Dictionary style replace multiple items
map = setNames(c("0101", "0102", "0103"), c("AA", "AC", "AG"))
foo[] <- map[unlist(foo)]
assuming that map
covers all the cases in foo
. This would feel less like a 'hack' and be more efficient in both space and time if foo
were a matrix (of character()), then
matrix(map[foo], nrow=nrow(foo), dimnames=dimnames(foo))
Both matrix and data frame variants run afoul of R's 2^31-1 limit on vector size when there are millions of SNPs and thousands of samples.
Here is a quick solution
dict = list(AA = '0101', AC = '0102', AG = '0103')
foo2 = foo
for (i in 1:3){foo2 <- replace(foo2, foo2 == names(dict[i]), dict[i])}
One of the most readable way to replace value in a string or a vector of string with a dictionary is stringr::str_replace_all
, from the stringr
package. Beware: this method is based on regex (see here). The pattern needed by str_replace_all
can be a dictionnary, expressed as a list: c("regex" = "desired value")
.
# 1. Made your dictionnary
dictio_replace= c("AA"= "0101",
"AC"= "0102",
"AG"= "0103") # short example of dictionnary.
# 2. Replace all pattern, according to the dictionary-values (only a single vector of string, or a single string)
foo$snp1 <- stringr::str_replace_all(string = foo$snp1,
pattern= dictio_replace) # we only use the 'pattern' option here: 'replacement' is useless since we provide a dictionnary.
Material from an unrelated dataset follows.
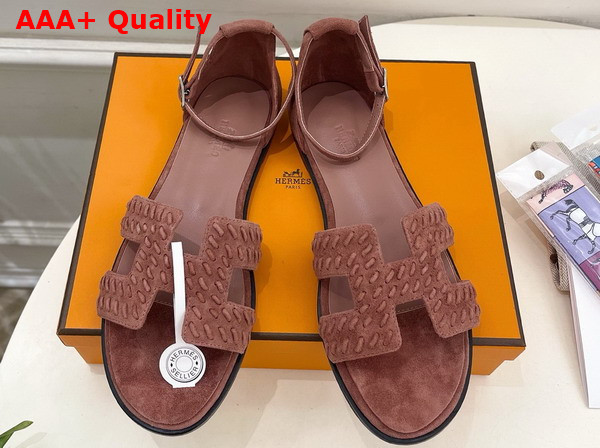 Hermes Santorini Sandal in Rose Antique Braided Suede Goatskin Replica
Repeat step 2 with foo$snp2 & foo$snp3. If you have more vectors to transform it's a good idea to use another func', in order to replace values in each of the columns/vector in the dataframe without repeating yourself.
If you're open to using packages, plyr
is a very popular one and has this handy mapvalues() function that will do just what you're looking for:
foo <- mapvalues(foo, from=c("AA", "AC", "AG"), to=c("0101", "0102", "0103"))
Note that it works for data types of all kinds, not just strings.